First let me note that I've been terribly ill with some flu-y thing for the past week. I have so much empathy for people who live with illness all the time. It makes it so hard to do anything, such as, oh, have the will or interest to live. But score another win for health, which has emerged victorious again. Although only after a grim battle.
Anyway. I read with interest and not some small amount of disgust about yet another writer who decided to fabricate her life and call it a memoir. (Also recently in the news was even another writer who fabricated a Holocaust memoir.) But the disgust was only partially aimed at the writer.
I mean, come on. If you can get away with it...if you are desperate enough...and if you live in our culture at this time, when it's so hard to recognize anything as the truth at all (um, hello, Mr. President), no wonder she was a little confused on the process. You can't even tell if a picture is real or not anymore, what with technological amazements that anyone can manipulate from their own computers. Reality TV? Snort. Not quite. And as for writing--well, it's virtually impossible to be able to say that anything is absolute truth, no? Who can get into the head of a writer? Or of anyone? Ask any police officer and she'll tell you that five different witnesses have five different memories of an event. Which of them is lying? One? Or all? Or, perhaps, no one was lying? Human memory is notorious for its infallibility (thank god, eh?). Perhaps that's a large part of what makes us so creative. We can fabricate stories at any time, slap them on paper (or on our blog), and call it literature.
Heck, what I write in my blog could be complete and utter fiction. I'm sure lots are. We are so good at not being what we really are, for so many different reasons. Is Margaret B. Jones really to blame for wanting to be someone else? (Even if, oddly enough, that someone was a gang member wannabe in South Central L.A.) We all want that at some point in our lives, even if very briefly and only as a moment of wild fantasy. (Come on, admit it.

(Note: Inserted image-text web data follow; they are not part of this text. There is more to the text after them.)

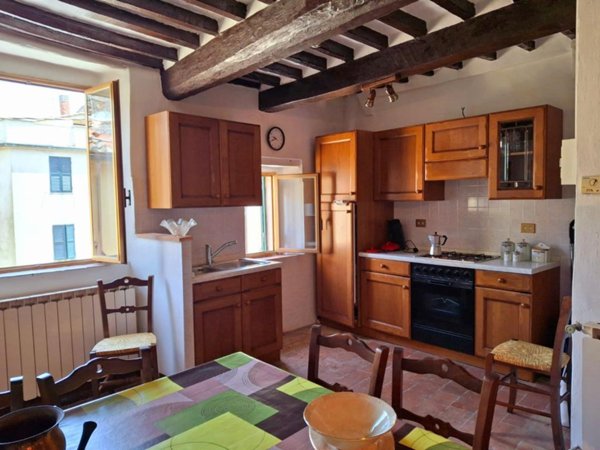 appartamento in vendita a San Casciano dei Bagni in zona Celle sul Rigo
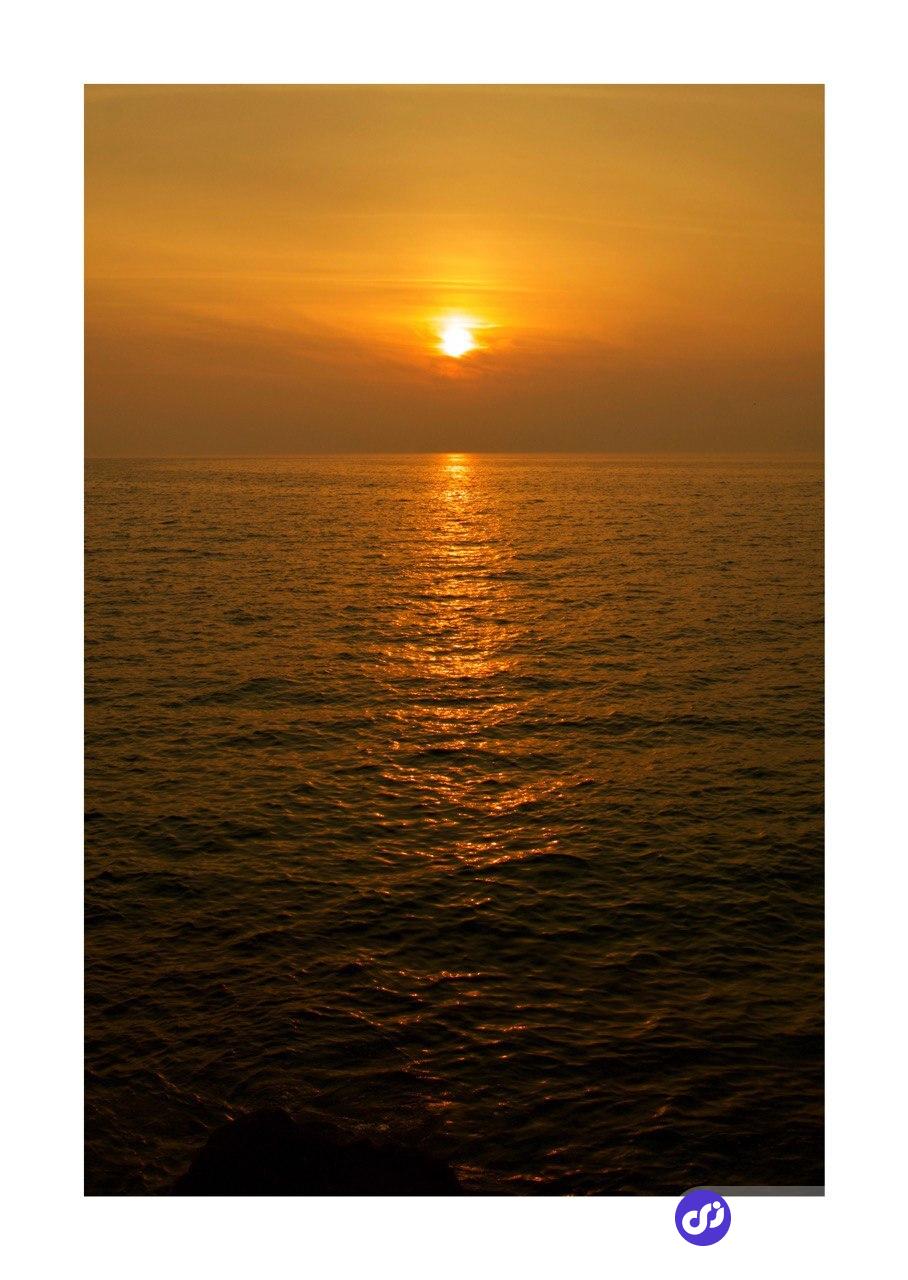 تصاویری رویایی از خط ساحلی خلیج فارس و چاه کوه قشم تصاویری رویایی از خط ساحلی خلیج فارس و چاه کوه قشم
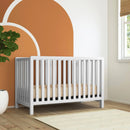Colby 4-in-1 Convertible Crib - White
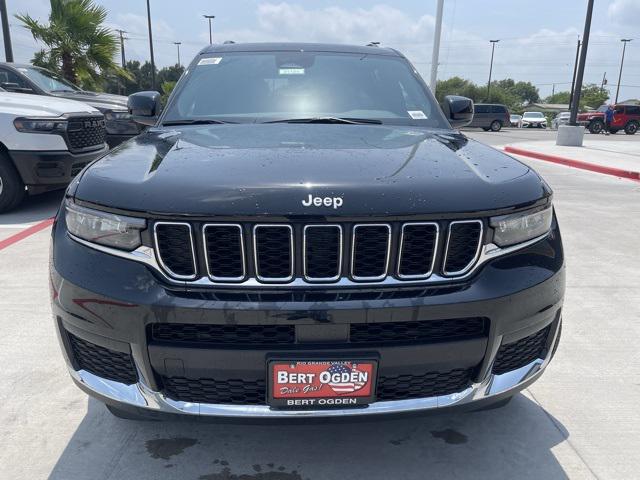 2025 Jeep Grand Cherokee GRAND CHEROKEE L LAREDO X 4X2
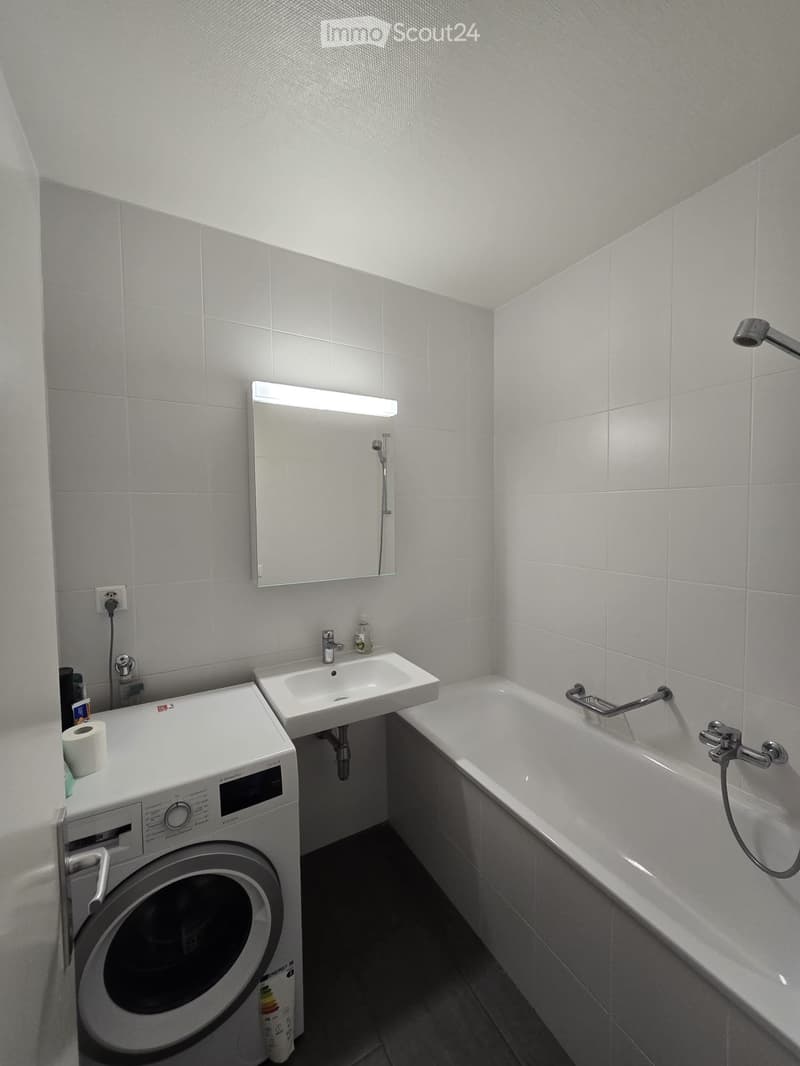 Helles 3,5-Zimmer-Wohnung in Châtelaine 87 (Genf) (5)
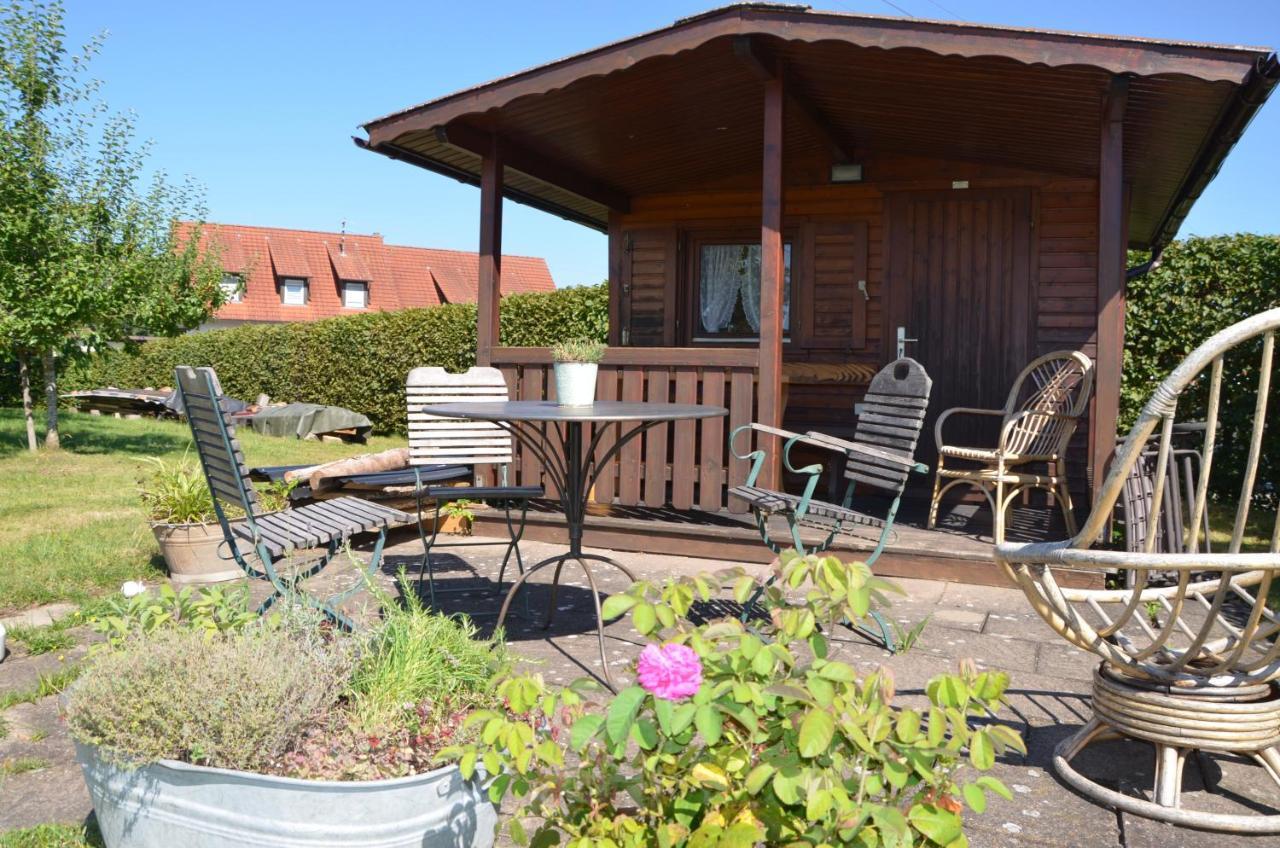 Ferienwohnung Spindler Schoemberg  Esterno foto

You wanted to be Wonder Woman and have her golden bracelets that could deflect nasty things.)
On a strictly literary level, I certainly do not approve of the actions of writers who pass off someone else's life experiences as their own. If it's a blurry memoir, where the lines of truth, reality, fantasy, and wishful thinking all cross, well then by all means call it such. The reading public can handle it. We are not stupid, and we are capable of bending our minds around the usual suspects to create new categories, new genres.
We are, however, liable to get pissed off if we feel deceived. There's not much we homo sapiens enjoy less (aside from waterboarding, philandering spouses, and unethical lawyers, that is) than having the wool pulled over our eyes, which we like to think of as being very sharp and in charge. Fool me, shame on you--and I'm also going to get even and show you who's the smart one, you smarmy little bastard. (Hey, I just call it as I see it. We do not like being duped.)

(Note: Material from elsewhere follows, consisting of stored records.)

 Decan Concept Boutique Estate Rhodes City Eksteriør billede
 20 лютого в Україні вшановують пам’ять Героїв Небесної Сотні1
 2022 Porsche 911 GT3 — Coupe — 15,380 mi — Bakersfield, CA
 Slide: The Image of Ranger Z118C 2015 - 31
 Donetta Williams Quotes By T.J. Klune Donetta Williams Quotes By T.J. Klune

Ah, who knows what went through the heads of people like Margaret Seltzer (dba Margaret B. Jones, lol and hardy har har), JT Leroy, James Frey, Misha Defonseca , Kaavya Viswanathan, and others as they penned their fake masterpieces? They probably didn't really plan it. It wasn't really murder, officer, it was more a literary bookslaughter. Things just sort of--got out of control. All of a sudden, I had a big book contract, a book tour, people asking me to sign copies, saying in awed voices, "All that really happened to you? And you had the guts to relive it and write it down? Cool." Yeah, what was I supposed to do then? Admit it was all a fake before it went any farther?
Um, in a word: Yes.
Well, yeah. I know, I know. Easier said than done. But still. As a writer, who is very clear when I write either fiction, or a literary essay (which should be pretty clear by its label that it's not cut and dried nonfiction, dredged up via hypnosis from the still whimpering depths of my traumatized soul), etc., I am offended. I have not written anything that should have been fiction (or blurry nonfiction), had it published as something else, and whirled off on a tour. And I'm not going to.

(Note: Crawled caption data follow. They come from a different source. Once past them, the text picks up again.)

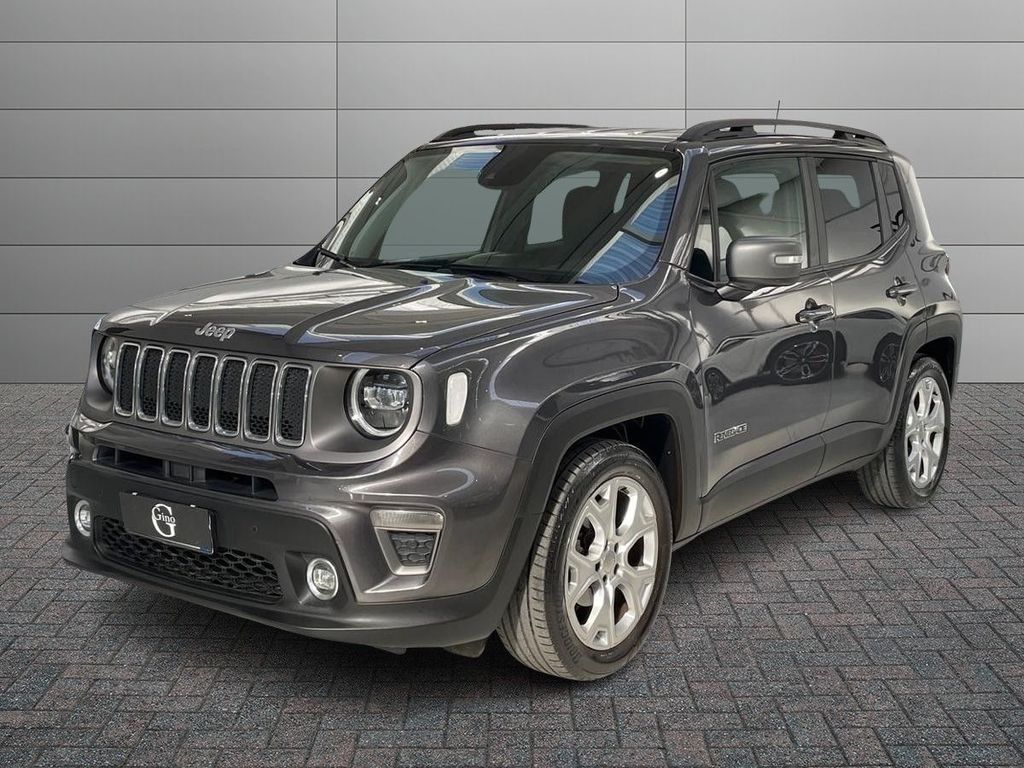 Image of Jeep Renegade
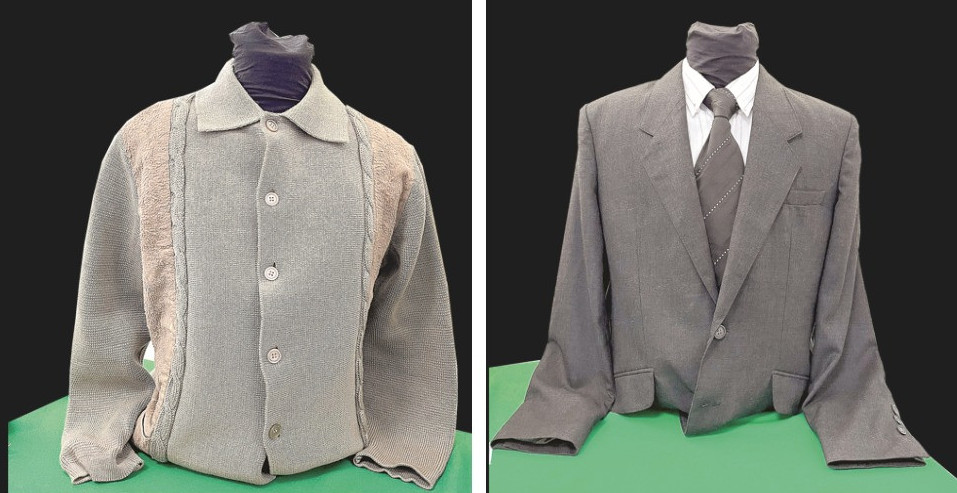 كلاسسيك كيگەن كوستيۋم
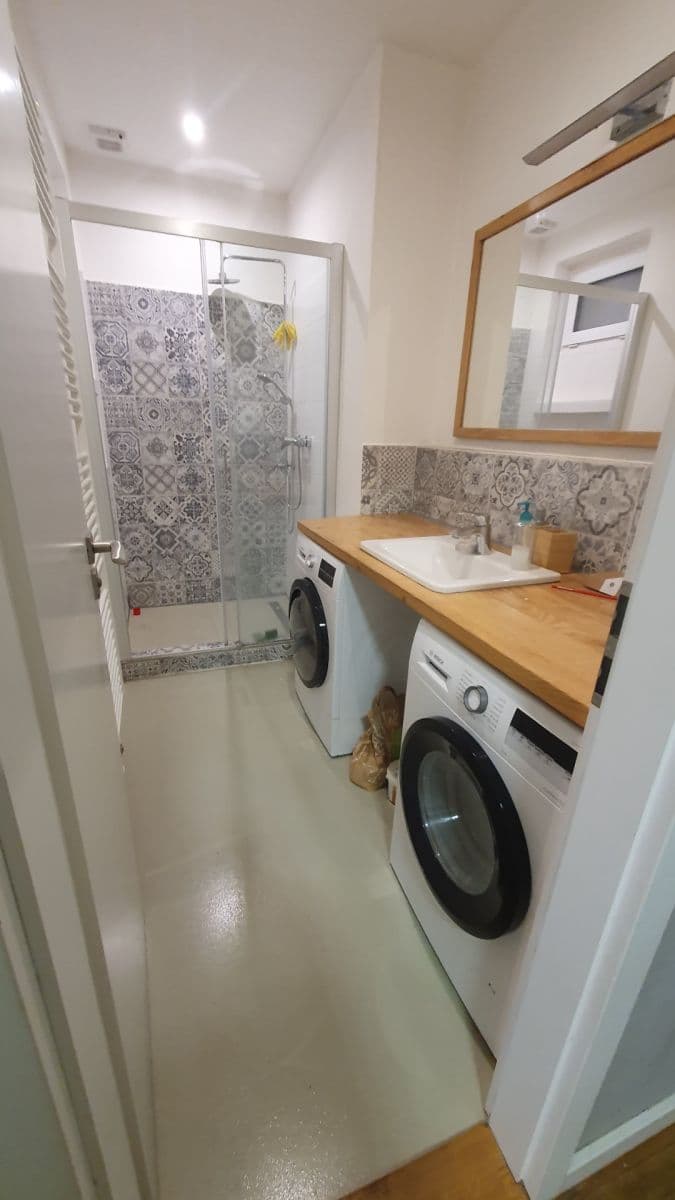 1 bedroom with open-plan kitchen flat to rent, 50 m², Brno, Jihomoravský Region 1 bedroom with open-plan kitchen flat to rent, 50 m², Brno, Jihomoravský Region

But again, I am offended at both the individuals as well as our own culture, which fosters such behavior through means both obvious and less so.
Elders, wake up. Young people, wake up. Everyone, wake up. What are we doing, when we allow such untruths to be circulated and homaged as gritty (or pretty, depending on the case) reality? Where does it end? How close are we to slipping our hold on the true reality of our lives and letting just anything go? Boundaries are there for a reason, believe it or not. And I think we should abide by them, because otherwise it is a strong and clear nod to anarchy.
I know, I know--you'll accuse me of the slippery slope argument. But take a closer look. Really look. Really use your own, uncluttered judgment on this one. And decide for yourself.